START Material to process

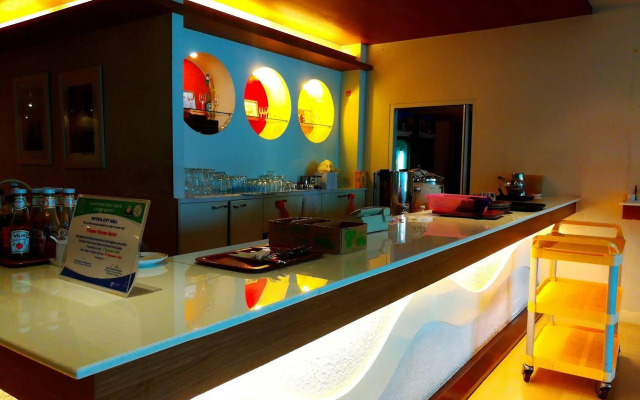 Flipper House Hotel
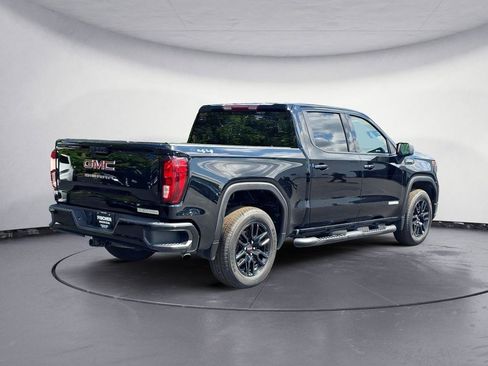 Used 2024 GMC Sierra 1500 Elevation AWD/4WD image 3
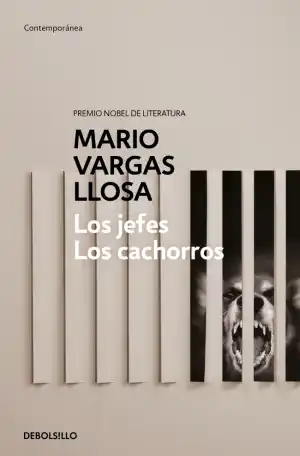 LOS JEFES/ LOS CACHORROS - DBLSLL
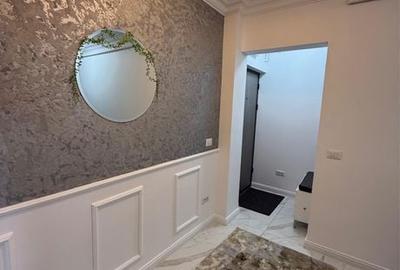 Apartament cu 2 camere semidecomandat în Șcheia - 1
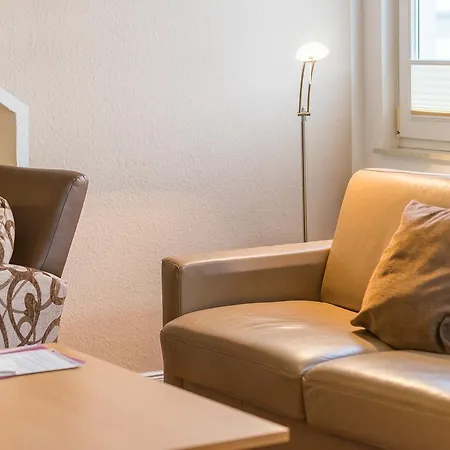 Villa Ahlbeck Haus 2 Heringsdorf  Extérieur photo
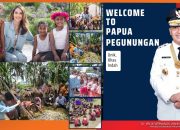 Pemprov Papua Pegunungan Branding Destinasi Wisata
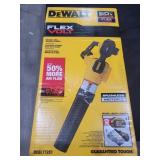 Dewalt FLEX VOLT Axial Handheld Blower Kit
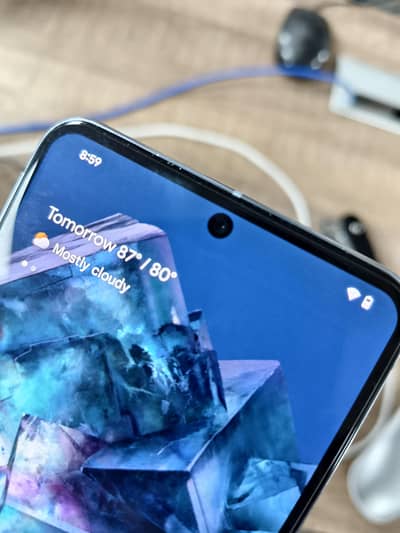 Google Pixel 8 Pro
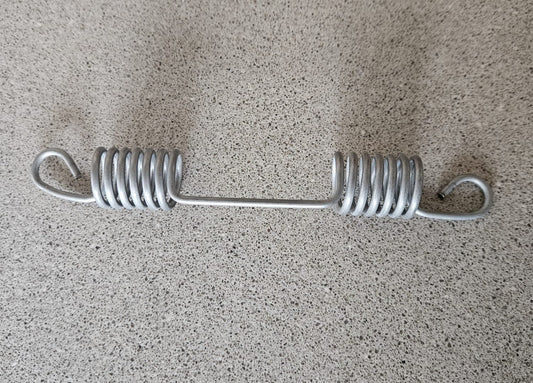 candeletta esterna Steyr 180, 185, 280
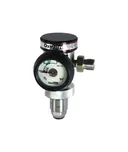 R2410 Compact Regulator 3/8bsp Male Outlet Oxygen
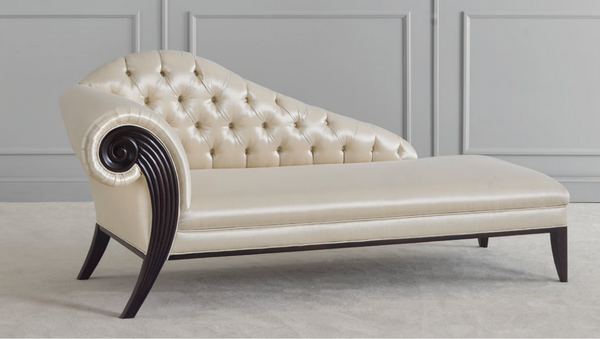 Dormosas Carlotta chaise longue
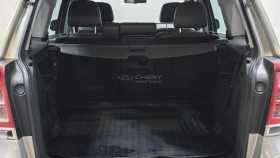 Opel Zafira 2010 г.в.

END Material to process

_The problem_.
Could you output all of the records exactly, without their pictures?

_Problem solution_.
 Flipper House Hotel
 Used 2024 GMC Sierra 1500 Elevation AWD/4WD image 3
 LOS JEFES/ LOS CACHORROS - DBLSLL
 Apartament cu 2 camere semidecomandat în Șcheia - 1
 Villa Ahlbeck Haus 2 Heringsdorf  Extérieur photo
 Pemprov Papua Pegunungan Branding Destinasi Wisata
 Dewalt FLEX VOLT Axial Handheld Blower Kit
 Google Pixel 8 Pro
 candeletta esterna Steyr 180, 185, 280
 R2410 Compact Regulator 3/8bsp Male Outlet Oxygen
 Dormosas Carlotta chaise longue
 Opel Zafira 2010 г.в.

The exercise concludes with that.